A hush fell over the room that Claire understood perfectly. It was how she’d felt when the pieces began to fall into place for her.
After several long minutes, Diane finally broke the silence. “I don’t know what to say.”
“I just hope I’m right. Because if I am, then everything can go back to normal. At least as far as Ruth and her shop are concerned.” She released her hold on the pillow as a flash of car lights shone through the partially drawn parlor curtains. “Looks like your guests are back from their dinner.”
Diane shook her head and rose to her feet, bridging the distance between the couch and the window with several easy strides. “They got back about fifteen minutes before you did.” Nudging the curtain open a bit more, her aunt cupped her hands around her eyes and peered out into the night. “I think we’re about to find out if your suspicions were right.”
“Huh?” She let her feet drop to the floor as she scooted forward toward the edge of the couch. “Who is it?”
“Detective Fisher.”
She lifted her hands to her hair and finger-combed it into place.
“You look lovely, dear.”
She opened her mouth to protest, to insist she wasn’t fixing herself for Jakob’s benefit, but in the end, she couldn’t. Diane would see through her words in a second. Instead, she squared her shoulders and met him at the screen door.
“Detective Fisher, what a surprise.” She flipped on the porch light, bathing him in brightness. “Is everything okay?”
“May I come in for a minute? I’d like to talk to you if I could.”
“Of course you can.” Pushing the screen door open, she stepped to the side to allow him entry. She looked up at him and felt the admiration in his eyes, an admiration she was at a loss on how to acknowledge. “I, um, why don’t we step into the parlor.

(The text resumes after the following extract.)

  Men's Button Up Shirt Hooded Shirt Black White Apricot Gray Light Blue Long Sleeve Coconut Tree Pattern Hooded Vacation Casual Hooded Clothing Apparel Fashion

Diane will be happy to see you …” Sh
e led the way into the very room she’d just left only to find it completely empty. She spun around to face Jakob, keenly aware of a dryness in her mouth and a dampness in her hands. “She was just here a minute ago.”
He gestured toward the couch and asked her to sit with him for a minute. When she obliged, he got to the reason for his visit. “You were right. Nellie Snow was behind everything that’s happened at Shoo Fly these past few weeks. She denied it at first, even tried to pin it on Ruth as some sort of bizarre need for attention, but when questioned about the missing letter, she caved.”

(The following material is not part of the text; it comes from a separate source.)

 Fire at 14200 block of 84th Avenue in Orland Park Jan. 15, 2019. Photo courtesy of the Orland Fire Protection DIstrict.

She sat perfectly still in an attempt to absorb everything he’d said. “So that part is over?”
He hesitated, then leaned back to afford a better angle with which to peer into her eyes. For several long moments he simply studied her, his gaze taking in her hair, her face, her royal blue sweater, her legs … When he returned his attention to her face, she shivered.
“I’m sort of hoping it means that all of it is over,” he said.
“What do you mean when you say all of it?”
“I mean the whole thing.” He rested one hand on his thigh and rubbed his freshly shaved face with the other. “The vandalism, the fear, the murder case. All of it.”
She felt her mouth drop open at the implication. “Wait. You mean you think Nellie is responsible for her husband’s murder, too?”
“We’re certainly looking into the possibility.”
“But how? He was strangled with bare hands, wasn’t he?”
“She had cause to be blinded by rage.”
“Wow.” It was all she could say given the circumstances.
“Wow is right. Now I’m just worried whether I have any business being a detective in this town when you’re out there doing your thing.”
She caught the teasing sparkle just before the dimples appeared yet felt the need to explain nonetheless. “I wasn’t trying to play amateur sleuth; I really wasn’t. It just sort of happened.”
“Claire, it’s okay. It’s awesome, actually.” He lifted his hand from his thigh and dropped it along the back of the couch, grazing her shoulder as he did. “Like … you.”